Additionally, as an organizer, you also want to “hit a home run,” as Jeff Shults likes to say. You want people to walk away feeling wonderful about themselves and about the group at large. As with baseball, you’re not going to hit a home run with every event, but you’re constantly hoping for it.    (JOX)

I think we hit a triple with our first sprint. We had great camaraderie and positive energy, everyone learned tons, and all of the participating projects made tangible progress. In fact, in the past few weeks, I learned that we made even greater progress with “catalyzing community collaboration” than even I had realized. Kieran Lal, Jan Muehlig, and Rashmi Sinha have all been developing tools for remote usability testing, a critical prerequisite for Open Source usability, where projects are usually distributed. (Our next sprint will most likely be a Remote Usability Sprint, tentatively scheduled for late Fall.) Mimi Yin‘s experiences at the first sprint helped form the seed for her most recent thinking for Chandler.

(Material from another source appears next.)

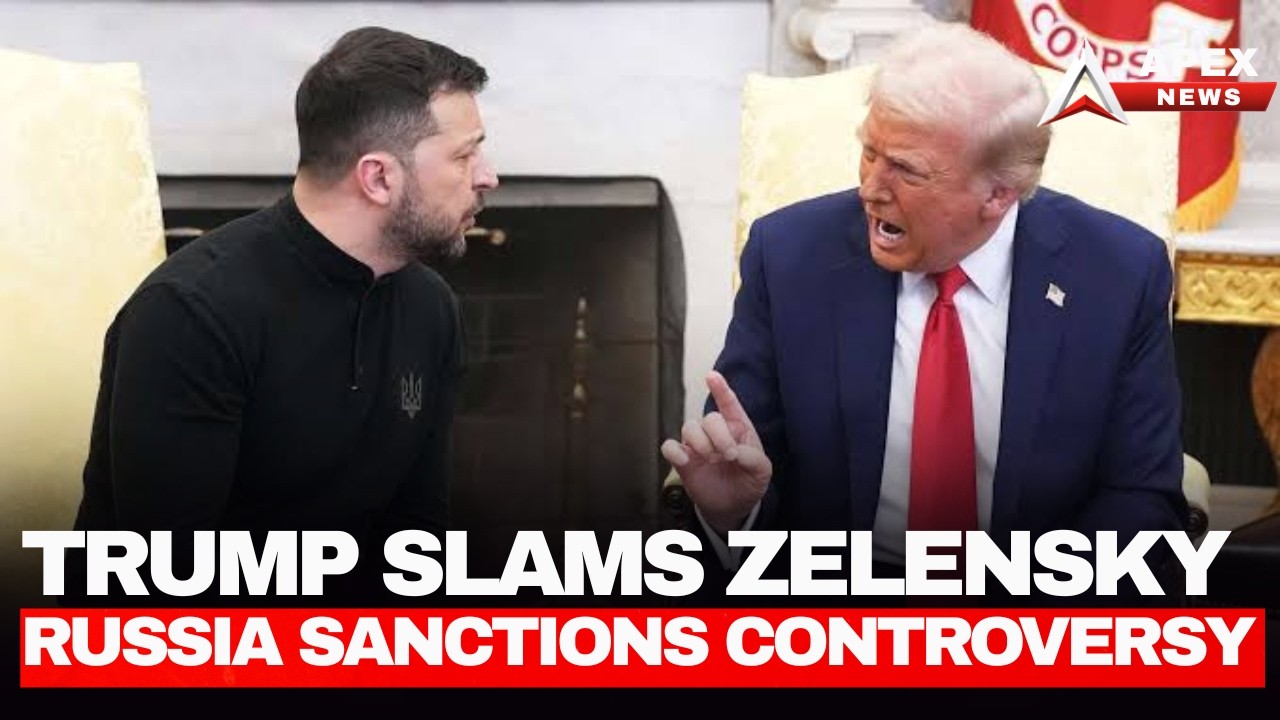 Trump Hits Back at Zelensky Over Russia Sanctions Waiver | 'He Doesn't Know What He's Talking About'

Mimi’s informal discussions with Dave Greenberg at the first sprint influenced the most recent release of CiviCRM, and they worked together more closely this week. Most importantly, the many report-backs generated buzz in the community and helped bring in new talent, like Tony Chang and Jing Wu. There was also room to improve, though, and we incorporated some of that learning into this past sprint. All in all, people walked away feeling good.    (JOY)

This week’s sprint felt like a double. Once again, our projects made progress, people were buzzing and learning, and I think people had fun overall. Nevertheless, there was a cloud hanging over everybody’s head, one that made folks a bit more uncomfortable and the process as a whole more challenging. The cloud was the result of a special goal for this particular event — defining Extreme Usability.    (JOZ)

An Aside on Event Design    (JP0)

We did not define Extreme Usability prior to the event, largely because none of us knew exactly what it was. I had opinions, based on feedback from the first sprint and my own personal experiences, but I didn’t want to dictate the design of the event based on my own biases. One reason for this stemmed from my growing faith in the power of collective wisdom. Another reason was that I didn’t want people worrying too much about whether they were “doing it right.” My main concern was for the projects to get better.    (JP1)

Gathering a large group of folks with diverse backgrounds isn’t the most efficient way to develop a methodology. The vast majority of developers knew very little about usability, and only a handful had ever practiced Extreme Programming. We had 25 people attend, including users. In contrast, two people — Kent Beck and Ward Cunningham — co-conceived Extreme Programming, and they had many years of software development experience between them.    (JP2)

The other complication, which we downplayed, was that this was not simply an experiment in software development methodology. It was an experiment in Open Source software development methodology, which introduced its own constraints. Extreme Programming isn’t rampant in the Open Source community, primarily because its tenets are difficult to practice in this environment. Who is the customer? How do you pair program? What does a 40-hour work week mean, when you’re writing code on the side?    (JP3)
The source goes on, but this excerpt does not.